Car l’enjeu dépasse la simple distribution de repas. Il s’agit de réunir les conditions qui permettent aux enfants de rester scolarisés, d’apprendre dans de bonnes conditions et de bâtir leur avenir.

Dans les ménages, la cantine allège d’abord une facture

L’impact le plus immédiat se lit dans les budgets familiaux. Dans beaucoup de foyers, assurer chaque jour le déjeuner d’un enfant scolarisé pèse lourdement sur les ressources disponibles.

Quand l’école prend en charge ce repas, la pression diminue. Les parents peuvent alors réorienter une partie de leurs revenus vers d’autres besoins essentiels : fournitures, vêtements, soins de santé ou alimentation des autres membres de la famille. Chaque franc économisé améliore, à sa manière, le quotidien du ménage.

L’élargissement du nombre de bénéficiaires répond donc directement à une préoccupation centrale : offrir aux enfants, en particulier ceux des familles les plus fragiles, des conditions d’étude dignes.

Mieux manger pour mieux suivre sa journée de classe

Les effets sur les élèves sont tout aussi concrets. Un enfant qui a mangé à midi aborde l’après-midi avec davantage de disponibilité. La faim recule pendant les heures de cours, ce qui profite à la concentration, à la participation en classe et à l’assimilation des leçons.

La cantine agit ainsi comme un soutien discret mais déterminant à la réussite scolaire.

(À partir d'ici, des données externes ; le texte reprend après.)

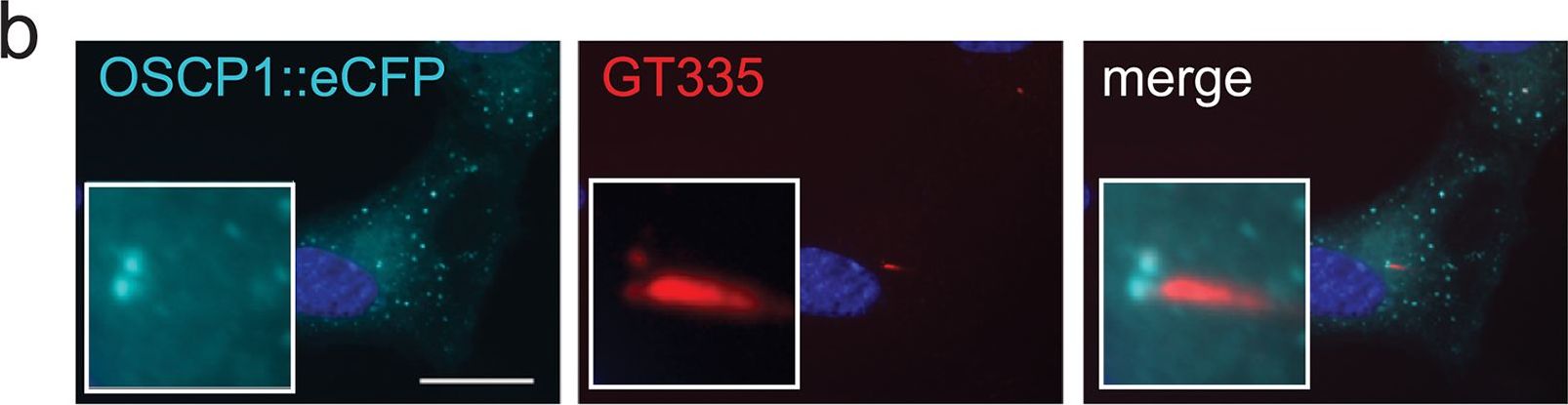 Fig.5.B showing Immunocytochemistry-immunofluorescence in a Caenorhabditis elegans sample from the publication: CiliaCarta: An integrated and validated compendium of ciliary genes.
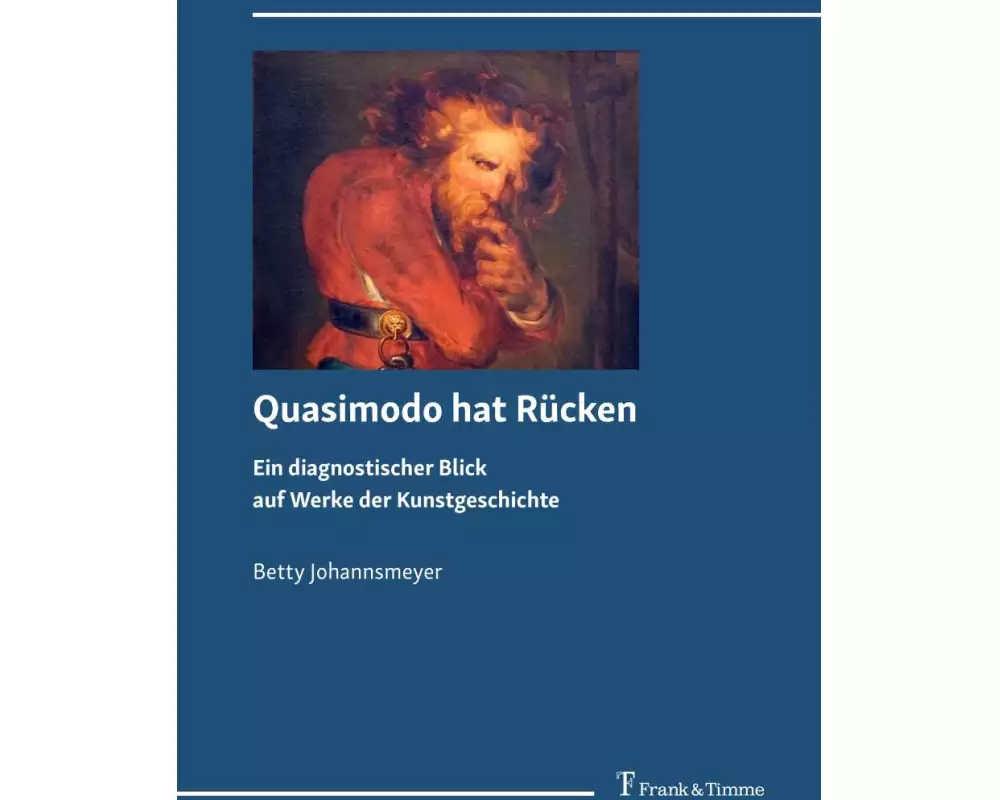 Quasimodo hat Rücken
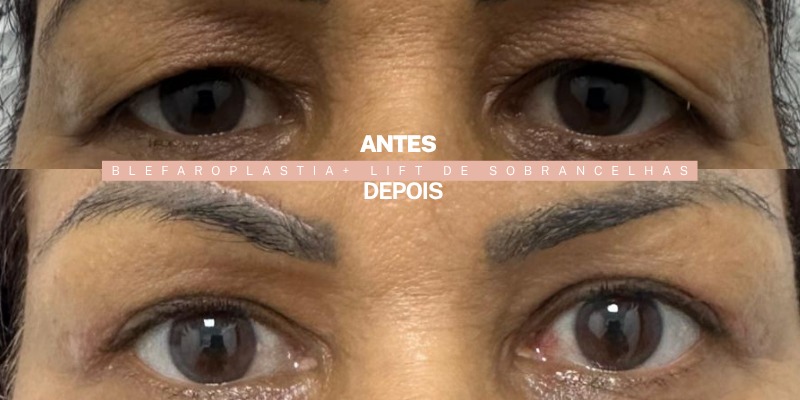 Antes e depois — blefaroplastia com lift de sobrancelhas, paciente da Dra. Ionne Darlen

Elle ne remplace ni les enseignants ni les programmes, mais elle crée les conditions matérielles sans lesquelles les apprentissages perdent de leur efficacité.

La commande publique profite aussi aux producteurs locaux

Le programme possède une seconde dimension, économique celle-ci. Les cantines génèrent une demande régulière et massive en denrées alimentaires, dont une partie est orientée vers l’agriculture nationale.

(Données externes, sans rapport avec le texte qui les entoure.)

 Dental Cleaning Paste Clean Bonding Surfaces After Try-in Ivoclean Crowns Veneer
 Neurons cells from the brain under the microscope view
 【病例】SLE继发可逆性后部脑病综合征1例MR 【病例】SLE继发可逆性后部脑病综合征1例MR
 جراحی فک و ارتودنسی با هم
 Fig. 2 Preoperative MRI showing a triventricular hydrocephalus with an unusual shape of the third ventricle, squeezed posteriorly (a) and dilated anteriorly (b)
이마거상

En achetant des vivres auprès des producteurs du pays, l’État ouvre des débouchés stables aux exploitants. Les sommes engagées pour nourrir les écoliers soutiennent donc également les revenus agricoles, animent les activités rurales et consolident les circuits économiques de proximité.

Les données officielles font état d’achats de vivres auprès des producteurs locaux dépassant 13 milliards de FCFA en 2024. Un montant qui illustre le potentiel de ce mécanisme en matière de souveraineté alimentaire.

Un cercle vertueux encore à amplifier

Les trois effets du dispositif se renforcent mutuellement : les enfants mangent à leur faim, les familles respirent financièrement, et les agriculteurs trouvent des acheteurs pour leurs récoltes.

Avec 1,9 million de bénéficiaires pour la rentrée 2026-2027, le Bénin consolide une politique éducative et sociale qui mise sur le capital humain. Les 500 000 enfants gagnés en un an montrent la vitesse d’extension du programme et nourrissent l’ambition d’une couverture toujours plus large des établissements publics.

En finançant des repas, l’État béninois investit en réalité dans bien davantage : la santé des élèves, la stabilité des ménages, le dynamisme des campagnes et, en définitive, la richesse de la nation de demain.